Thursday, November 06, 2008
BLAH... deployments are the pits.....
Well, I'm starting to set into my old ways from past deployments. I've picked up a smutty book (which I haven't done in over a year), I'm blogging again and becoming obsessed with it, I'm wanting to stay in bed later and later, taking longer showers and lots more baths, I find myself in my own little day dream world more and more often too.
I think as it gets cooler and the holidays near, I grow nostalgic which tends to make me a little sad... not sure sad is the right word but ...
This morning when my alarm went off, they were talking about Gen. Petraeus and what he said yesterday and I listened for a minute and then hit snooze and burst into tears with missing my DH. It only lasted a second but it's kind of left me with a depressed feeling. Oh, he'll call later and will most likely make me feel better but till then...
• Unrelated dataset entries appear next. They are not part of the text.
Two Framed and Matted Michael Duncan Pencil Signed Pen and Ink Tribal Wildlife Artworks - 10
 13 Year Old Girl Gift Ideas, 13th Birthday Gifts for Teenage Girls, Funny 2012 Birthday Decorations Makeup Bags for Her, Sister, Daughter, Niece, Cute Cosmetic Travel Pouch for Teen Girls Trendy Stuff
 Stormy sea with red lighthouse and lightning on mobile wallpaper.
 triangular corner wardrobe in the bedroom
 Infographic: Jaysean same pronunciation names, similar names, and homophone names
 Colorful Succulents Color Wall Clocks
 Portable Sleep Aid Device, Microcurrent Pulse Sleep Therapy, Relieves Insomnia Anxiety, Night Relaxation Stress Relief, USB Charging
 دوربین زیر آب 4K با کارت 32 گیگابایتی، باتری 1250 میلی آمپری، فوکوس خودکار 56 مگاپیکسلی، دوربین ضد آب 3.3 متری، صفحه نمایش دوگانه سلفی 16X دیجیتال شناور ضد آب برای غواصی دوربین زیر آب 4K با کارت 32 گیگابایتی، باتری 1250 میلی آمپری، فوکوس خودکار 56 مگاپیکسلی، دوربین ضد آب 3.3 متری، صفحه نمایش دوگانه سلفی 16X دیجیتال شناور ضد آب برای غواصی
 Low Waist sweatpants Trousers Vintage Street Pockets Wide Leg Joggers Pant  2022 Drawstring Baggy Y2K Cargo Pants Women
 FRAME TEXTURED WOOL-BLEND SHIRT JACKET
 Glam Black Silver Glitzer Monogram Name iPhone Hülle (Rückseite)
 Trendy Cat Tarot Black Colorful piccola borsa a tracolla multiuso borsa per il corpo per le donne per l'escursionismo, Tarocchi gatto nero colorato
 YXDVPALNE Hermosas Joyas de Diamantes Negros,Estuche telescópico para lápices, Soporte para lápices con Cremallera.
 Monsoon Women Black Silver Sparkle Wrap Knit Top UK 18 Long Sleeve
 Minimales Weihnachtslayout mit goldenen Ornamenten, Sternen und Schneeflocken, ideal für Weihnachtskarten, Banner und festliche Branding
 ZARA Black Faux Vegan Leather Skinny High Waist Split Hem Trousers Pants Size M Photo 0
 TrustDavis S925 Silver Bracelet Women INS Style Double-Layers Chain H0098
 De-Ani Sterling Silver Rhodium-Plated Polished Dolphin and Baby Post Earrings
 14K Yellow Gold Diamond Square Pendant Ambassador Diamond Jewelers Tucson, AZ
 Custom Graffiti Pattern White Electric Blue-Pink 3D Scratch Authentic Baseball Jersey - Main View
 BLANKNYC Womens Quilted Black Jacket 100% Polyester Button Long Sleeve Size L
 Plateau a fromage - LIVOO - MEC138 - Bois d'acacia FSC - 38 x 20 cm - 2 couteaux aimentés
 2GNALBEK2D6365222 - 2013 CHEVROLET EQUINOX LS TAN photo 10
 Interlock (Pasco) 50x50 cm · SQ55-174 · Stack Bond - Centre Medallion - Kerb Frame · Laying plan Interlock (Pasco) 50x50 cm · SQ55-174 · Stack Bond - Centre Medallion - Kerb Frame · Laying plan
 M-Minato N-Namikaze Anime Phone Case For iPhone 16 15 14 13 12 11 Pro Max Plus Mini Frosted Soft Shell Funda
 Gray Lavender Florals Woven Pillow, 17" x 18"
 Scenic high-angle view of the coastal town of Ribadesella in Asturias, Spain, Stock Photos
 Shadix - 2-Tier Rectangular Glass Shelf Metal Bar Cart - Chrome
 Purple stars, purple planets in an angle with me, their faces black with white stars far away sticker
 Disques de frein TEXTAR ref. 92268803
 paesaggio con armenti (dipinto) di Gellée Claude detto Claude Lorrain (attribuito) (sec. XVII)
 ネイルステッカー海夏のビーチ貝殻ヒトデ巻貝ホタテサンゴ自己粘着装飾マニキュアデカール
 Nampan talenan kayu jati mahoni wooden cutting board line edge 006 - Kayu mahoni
This is our 3rd deployment and is the longest, 15 months. I'm ready for him to come home to stay. Most of the time I'm doing okay, because it is the 3rd, we're kind of used to it but then other times because it is the 3rd, I'm more tired and more sad. I know that there are lots out there who have done more deployments and I feel for you. Our deployments have been 10 months, 12 months, and now this one... It's just too much.
Anyway, sorry, I didn't mean to get so down on here. What do you think of my picture? Isn't is pretty? It was taken at local state park. I love the sun shinning through the branches. You should see it now, with the leaves beautiful reds, oranges, purples and yellows. BEAUTIFUL!!
Well, I'm off to get myself out of this funk! Have a glorious day!